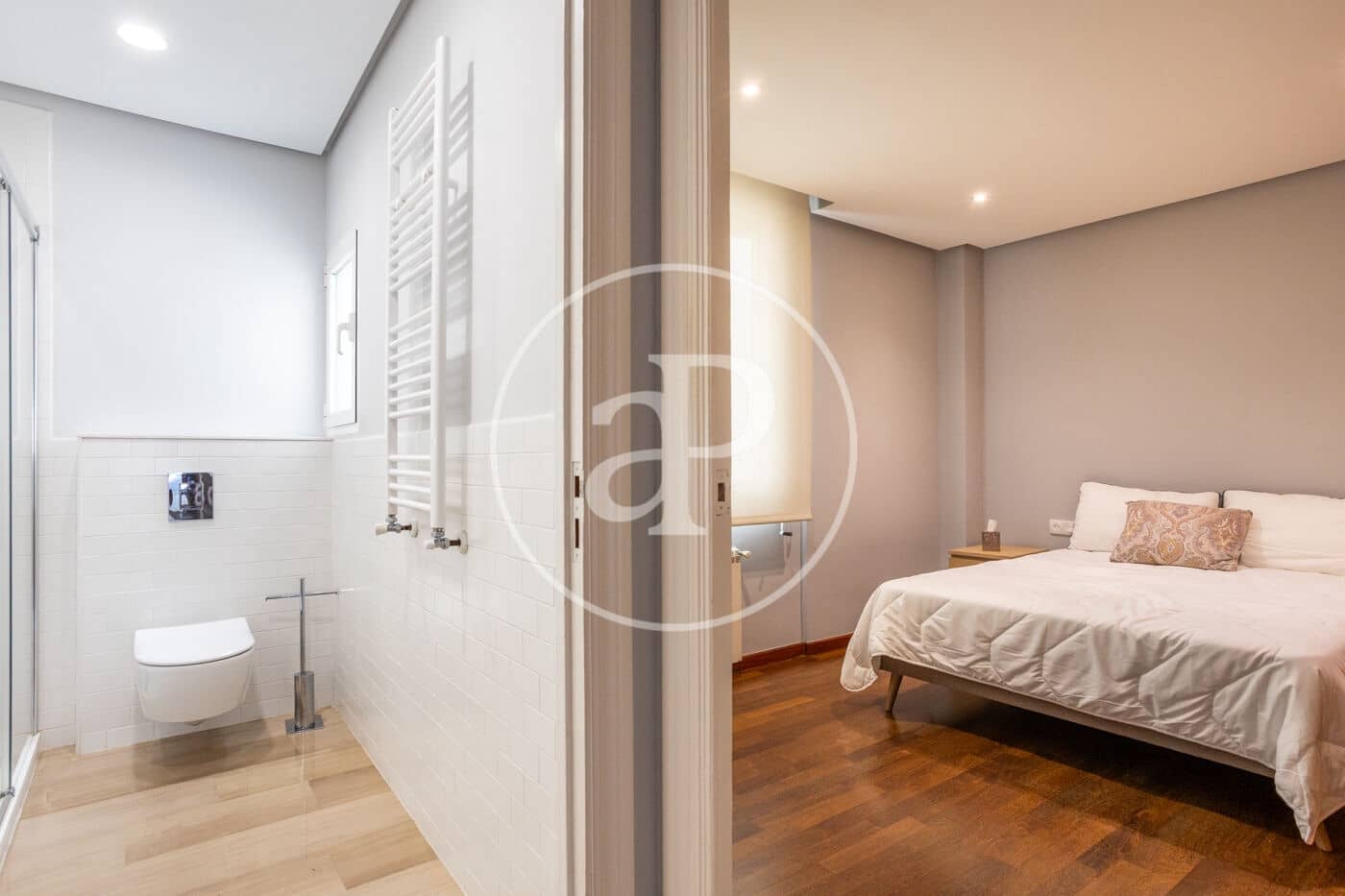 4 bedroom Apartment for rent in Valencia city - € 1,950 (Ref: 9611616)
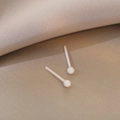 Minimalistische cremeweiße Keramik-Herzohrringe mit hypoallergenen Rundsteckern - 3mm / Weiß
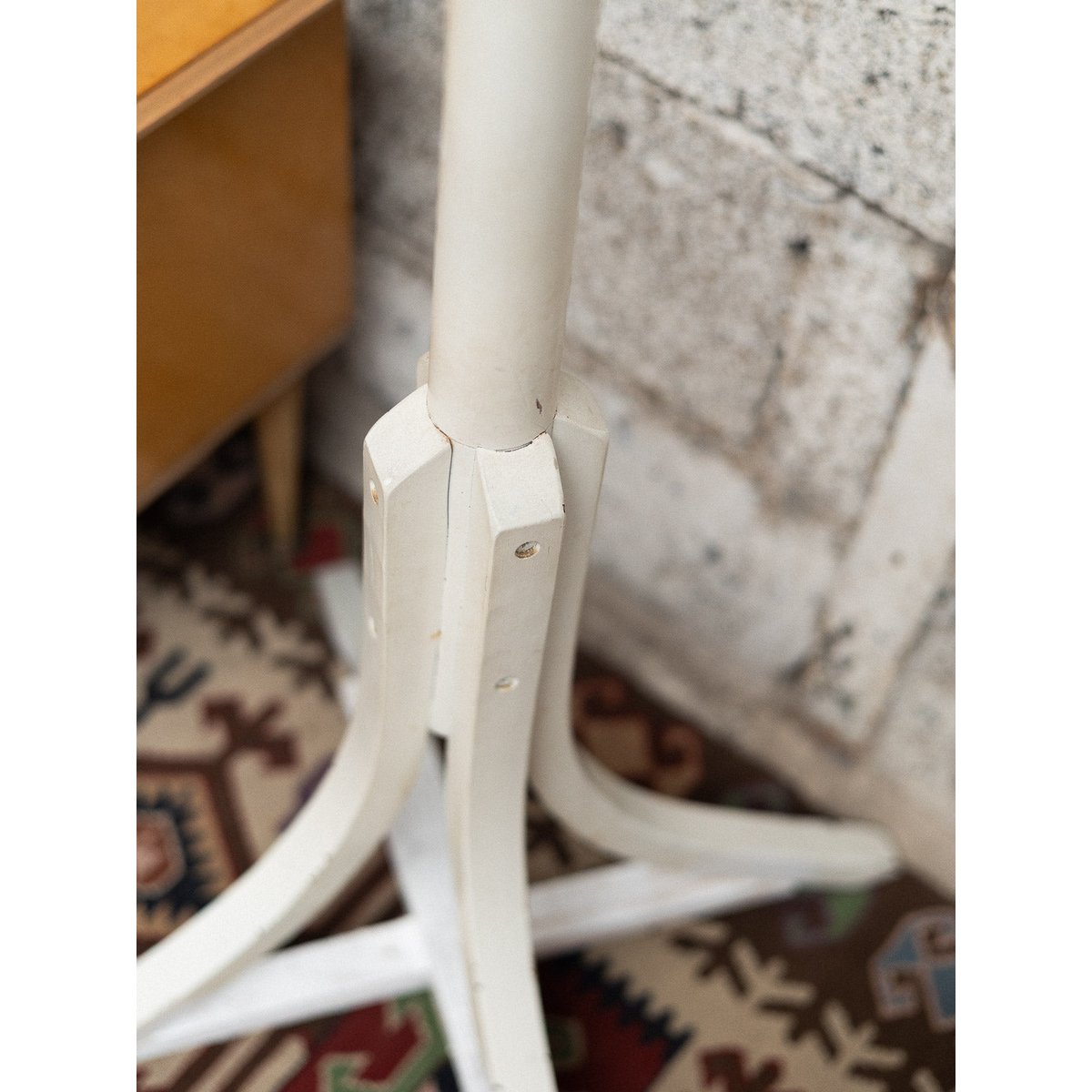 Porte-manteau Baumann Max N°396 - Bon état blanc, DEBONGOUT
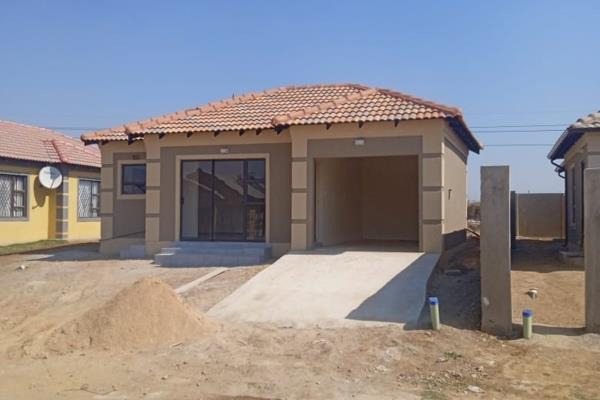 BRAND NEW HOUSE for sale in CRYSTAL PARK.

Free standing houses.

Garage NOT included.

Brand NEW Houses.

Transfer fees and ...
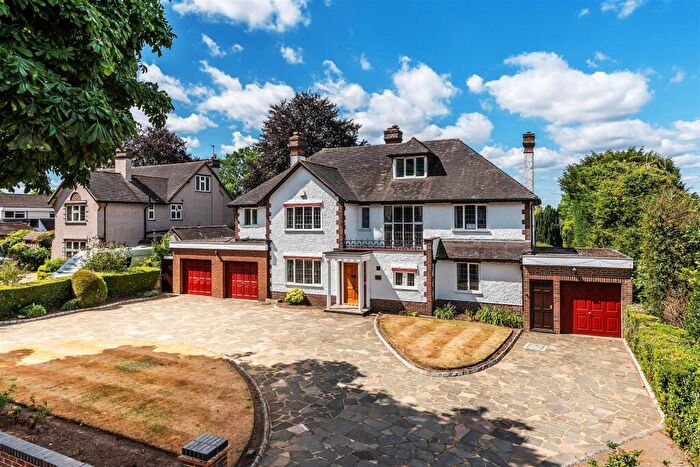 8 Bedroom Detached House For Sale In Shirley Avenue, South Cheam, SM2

☆ ☆ ☆ ☆

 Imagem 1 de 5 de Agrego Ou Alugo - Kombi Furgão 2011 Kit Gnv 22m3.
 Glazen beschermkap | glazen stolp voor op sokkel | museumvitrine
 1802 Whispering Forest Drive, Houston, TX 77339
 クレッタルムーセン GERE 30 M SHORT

☆ ☆ ☆ ☆

* **TO DO**
Would you please repeat exactly the lines above, starting at the line with "Imagem 1 de" and stopping at the line with "クレッタルムーセン GERE 30 M SHORT", both included?

* **ANSWER AREA**
 Imagem 1 de 5 de Agrego Ou Alugo - Kombi Furgão 2011 Kit Gnv 22m3.
 Glazen beschermkap | glazen stolp voor op sokkel | museumvitrine
 1802 Whispering Forest Drive, Houston, TX 77339
 クレッタルムーセン GERE 30 M SHORT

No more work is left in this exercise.